What is needed: Copy verbatim the block of lines in the entries below whose first line contains "天蝎一生無法放棄的星座，更愛天蝎的三個星座" and whose last line contains "Nogomet 2. AL : Campanelle - Primorec". Leave out all other lines.

Study material:

========================================

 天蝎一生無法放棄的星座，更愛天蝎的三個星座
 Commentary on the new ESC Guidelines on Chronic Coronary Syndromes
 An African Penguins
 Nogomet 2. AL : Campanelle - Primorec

========================================

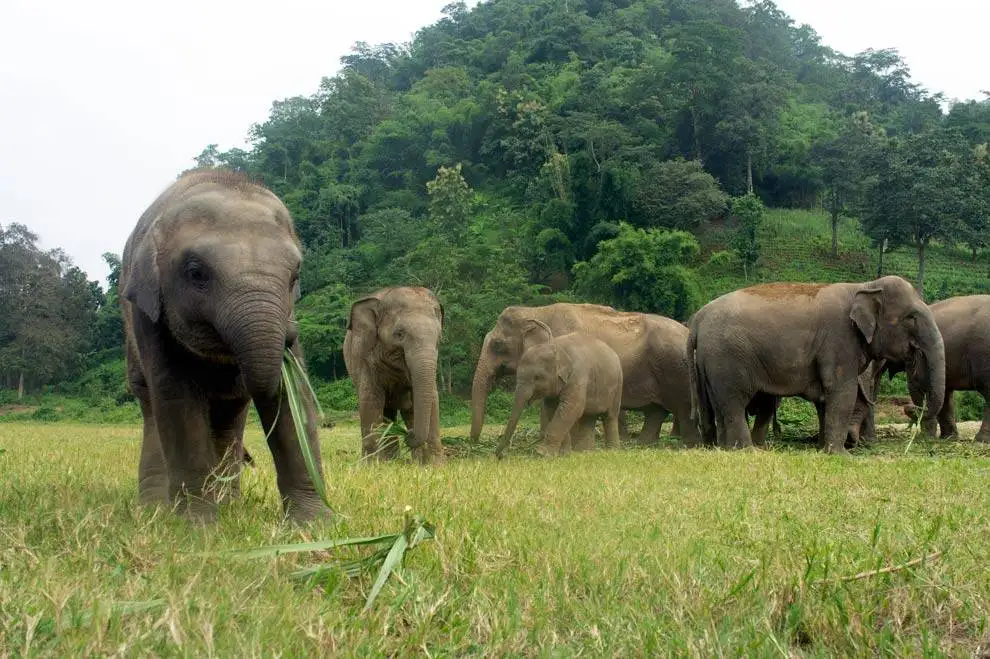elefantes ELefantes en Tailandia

========================================

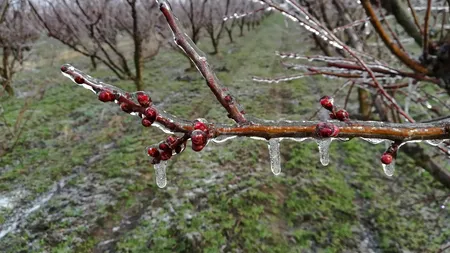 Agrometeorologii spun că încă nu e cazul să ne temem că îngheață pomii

========================================

Exercise response:
 天蝎一生無法放棄的星座，更愛天蝎的三個星座
 Commentary on the new ESC Guidelines on Chronic Coronary Syndromes
 An African Penguins
 Nogomet 2. AL : Campanelle - Primorec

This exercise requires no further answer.